The EITI should try to have a greater impact on policy and decision making in the country.

Florent Michel Okoko Executive Committee Chairman Extractive Industries Transparency Initiative

in figures

Release of Congo-Brazzaville’s first EITI report: 2008

EITI compliance achieved: 2013

Stay transparent: the EITI chairman on fighting graft in Congo-Brazzaville

November 26, 2014

The Extractive Industries Transparency Initiative (EITI) executive committee chairman and Congo-Brazzaville representative Florent Michel Okoko spoke with TOGY about his country’s past, present and future efforts to ensure transparency. EITI is an international collaborative effort aimed at promoting openness and accountability in the management of natural resource revenues.

How does the EITI help to combat corruption in Congo-Brazzaville’s oil and gas industry?

It is difficult to hide corruption in the oil and gas industry. There is too much tracking. Both the production and the shipments of crude oil are tracked. If an oil shipment of 1 million barrels leaves Congo-Brazzaville, of course the whole industry will know about it, so it is very difficult to sneak this by anyone.

Everyone knows the price of oil and gas today, so we can’t say that we don’t know how much the country sold or made. All of this information is well known throughout the industry, and all the data is published and public.

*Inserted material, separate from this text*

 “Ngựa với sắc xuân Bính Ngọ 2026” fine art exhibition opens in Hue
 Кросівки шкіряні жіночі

Our objective is to show that everything can be tracked in order to account for every payment. If there are payments that we do not understand – for instance, differences between the amount the state claims to have received and what a company asserts to have paid – then this will have to be clarified and this explanation goes into the EITI’s reports.

Once these reports are drafted, we publish them and make the documents available for all state institutions, including the Ministry of Hydrocarbons and the Finance Ministry.

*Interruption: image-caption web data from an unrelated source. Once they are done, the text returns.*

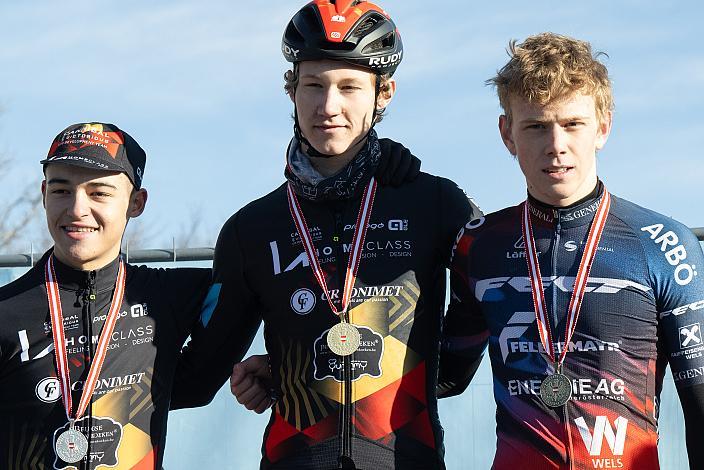Podest Junioren 1. HOFER Valentin (AUT, Cannibal B Victorious),  2. JORDAN Ayden (AUT, Cannibal B Victorious) 3. KRAUS Lucas (RC ARBÖ Felt Felbermayr Wels) Rad Cyclo Cross, ÖSTM/ÖM Querfeldein, Ciclo Cross, Cycling Austria, Maria Enzersdorf, NÖ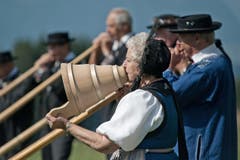 Auf dem Bild zu sehen sind die "Alphornfreunde Edelweiss". (Bild: Pius Amrein (Neue LZ))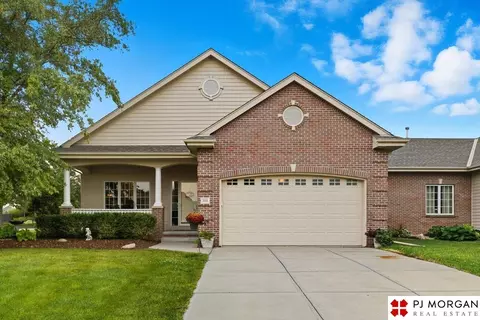19332 Franklin Cir, Elkhorn, NE 68022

If we are missing money, we do not shy away from publishing this fact. If there are differences in what companies claim to pay and what ministries claim to receive, we publish it, and let these institutions know.

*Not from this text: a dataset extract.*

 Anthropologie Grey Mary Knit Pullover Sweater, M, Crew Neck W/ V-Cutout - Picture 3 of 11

The EITI will release its fifth report on Congo-Brazzaville in December 2014. How can the committee improve on its previous work?

The EITI needs to do more than release documents of numbers that verify payments from operators to the government. We also need to be able to explain these findings and put them in the context of the legal and regulatory environment of Congo-Brazzaville. The organisation should try to have a greater impact on policy and decision making in the country.

We can promote the creation of agencies that should exist in Congo-Brazzaville, but do not, such as a mining land registry office or an oil and gas registry office. We are putting in place an EITI information system with a database that allows us to more effectively inform the public of our results. The committee will make sure that a transparency law is passed through parliament, and that this is done before the end of this year. Different branches of the government are reviewing the bill.

This is all to say that we are playing an active role in the reform of the management of revenues from the extractive industries.

What is Congo-Brazzaville doing to be considered properly transparent? How does an EITI-compliant country stay compliant?

The country has three regular audits of its finances: Auditing agency KPMG audits the Ministry of Finance every trimester, the EITI does a report and the National Assembly does an internal audit. We also have reviews by the IMF.

Finally, Congo-Brazzaville, like all other EITI member countries, will undergo a re-evaluation of its compliance to ensure that its transparency has remained stable. This is expected to happen in 2015 or 2016. The re-evaluation is a fundamental concern of the country’s government, which is aiming to ensure that everything possible is being done to uphold transparency.